A representative for Bavarian Nordic told the paper that the company's concerns were over safety.
As part of a plan to extend the nation’s limited monkeypox vaccine supply, the government said Tuesday it would convert hundreds of thousands of doses of Bavarian Nordic’s Jynneos vaccine into millions of potential shots to protect Americans from MPV.
Representatives from the Infectious Diseases Society of America welcomed the new administration route at a press conference Thursday morning.
However, Dr. Kevin Ard, medical director of the National LGBTQIA+ Health Education Center and director of the Massachusetts General Hospital Sexual Health Clinic, who noted that the focus should also be fighting stigma, warned that proper implementation was necessary. Not only are special needles required, but people also need to be trained.

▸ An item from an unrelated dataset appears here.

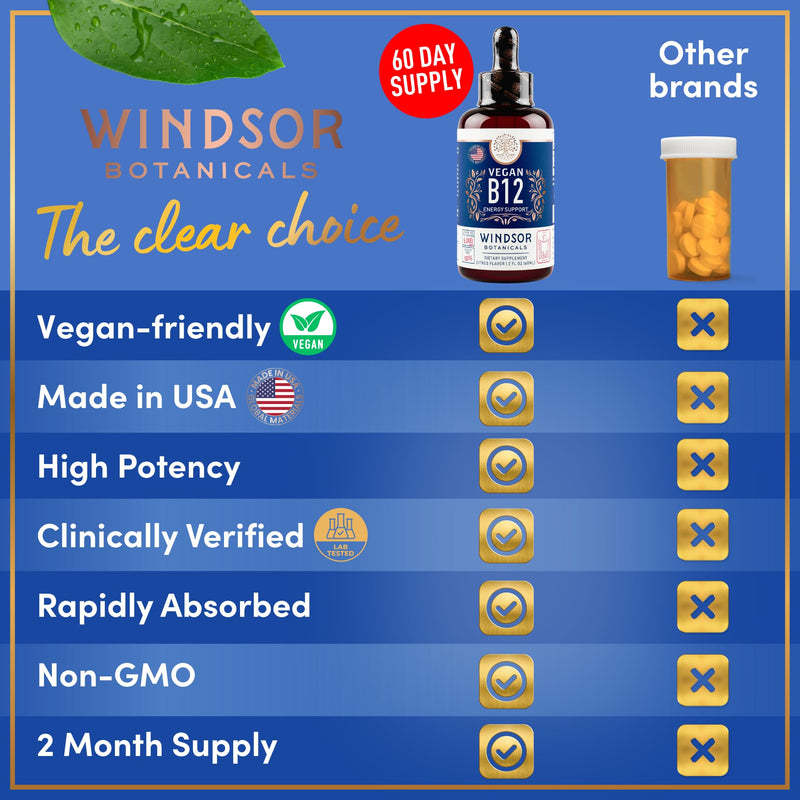 Vegan Vitamin B12 Liquid - Max Strength Methylcobalamin B12 Sublingual 5000 mcg - Fast Absorbing Supplement for Mood, Memory and Energy Support - Non-GMO, Gluten-Free, Citrus Flavor B 12 Drops, 2oz 2 Fl Oz (Pack of 1)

“There is some groundwork that needs to be laid for this transition to intradermal dosing not just for supplies, but also ensuring everything is in place to comply with the EUA requirements, that we have staff who are trained in giving the vaccine, and so forth,” Ard said.
Most vaccines are delivered subcutaneously, into the fat portion of the skin, or intramuscularly, deeply into the muscles. Intradermal injection involves placing a much finer needle between the top layers of the skin, which causes a small bubble to appear under the skin. This is similar to the PPD test one might recognize from tuberculosis testing.
Above: A person receives an intradermal injection with a fine needle just between skin layers.